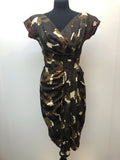 1950s Floral Print Wrap Front Dress in Brown - Size 12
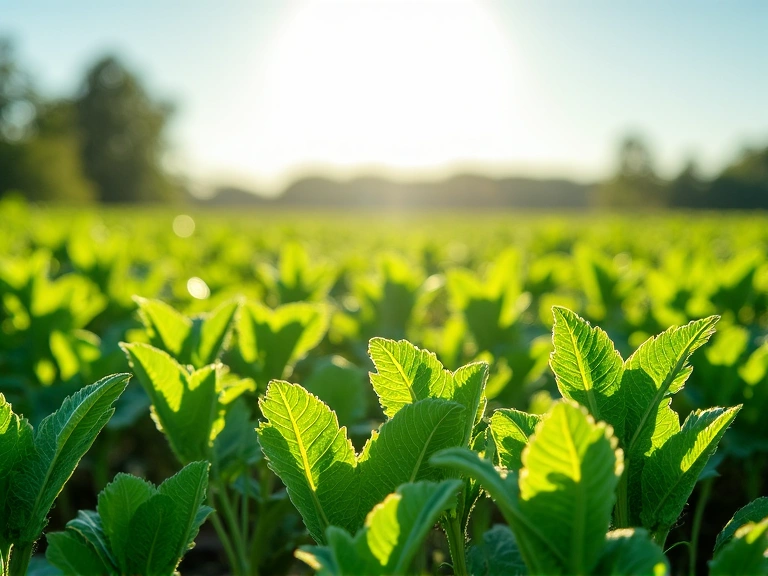 Zdjęcie przedstawiające pola uprawne z naturalnymi roślinami, symbolizujące zrównoważone pozyskiwanie składników.
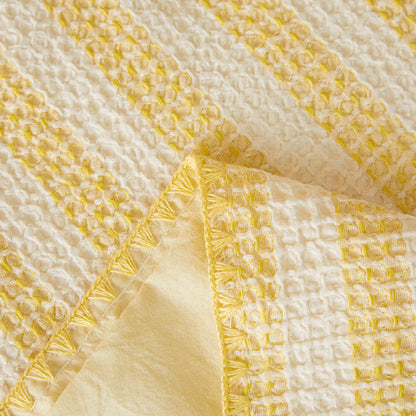 Ownkoti Textured Plaid Woven Bedspread with Scalloped Edge - image 16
== == ==
Word for word, write out the full listing, leaving the pictures aside.

 1950s Floral Print Wrap Front Dress in Brown - Size 12
 Zdjęcie przedstawiające pola uprawne z naturalnymi roślinami, symbolizujące zrównoważone pozyskiwanie składników.
 Ownkoti Textured Plaid Woven Bedspread with Scalloped Edge - image 16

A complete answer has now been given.